Well all we can say on this one is so far so good. We’ve already discovered that being part of a public company means there are formal policies on codes of conduct and social media, but these are all common sense. Okay, so legal won’t let us use words like ‘guarantee’ anymore, and we can’t go about committing libel, but that’s not really our style anyway, so we’re not worried. We plan to keep on talking with you just like we always have: honestly and like a normal human being. No robots here.

You say you’re keeping the same team on the product, but surely that won’t last.

We truly believe it will. All 14 staff that were part of Typecast on Monday before the acquisition are still with us today. There have been no new teammates forced upon us, and nobody has been let go. Of course in the years ahead our team may evolve, but teams change. That’s reality. When ours does, we expect that it will only be because staff have chosen to pursue new opportunities or because we need to bring on new skills to benefit the app. We don’t believe that a change of staff can ruin a product. Only a change in ethos and vision can do this. Our team shares the same vision and ethos, and Jamie and Paul safeguard these at the hiring stage and in the day-to-day running of Typecast. So anybody we choose to joins us in the future will enhance that culture, not dilute it.

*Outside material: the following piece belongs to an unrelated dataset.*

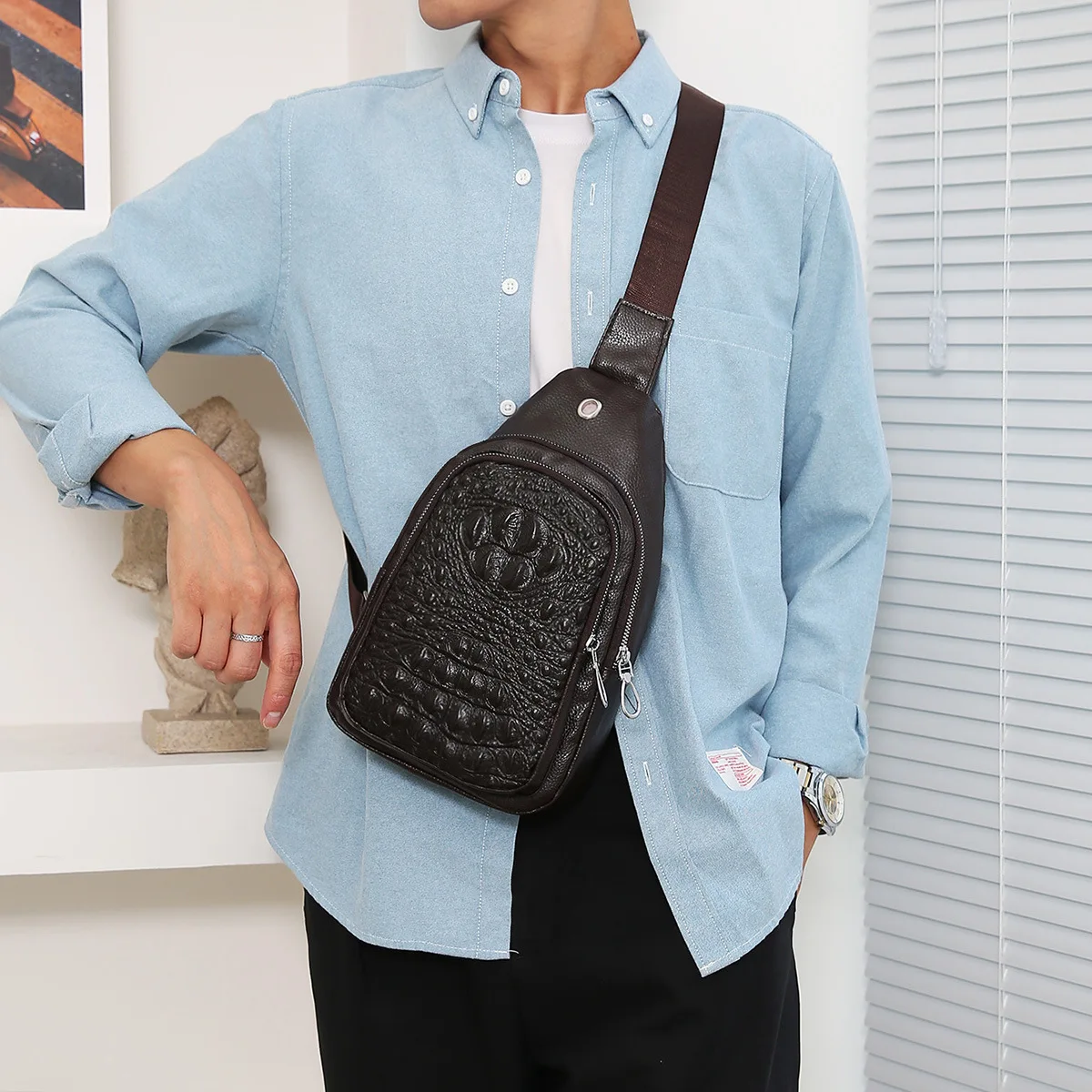 2023 New Men's Shoulder Bag PU Leather Crossbody Bag Outdoor Waterproof Fashion Shoulder Bag Large Capacity Men's Chest Bag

Listen, this is new for us too and we can’t say with 100% certainty what the future holds. Six days ago we didn’t know we’d be joining Monotype, and we don’t know what surprises are in store tomorrow. But we plan to keep working hard to make Typecast a tool you love using, stay true to our design roots and be honest with you – just like we’ve done up till now. Stick around and enjoy the ride. That would be amazing.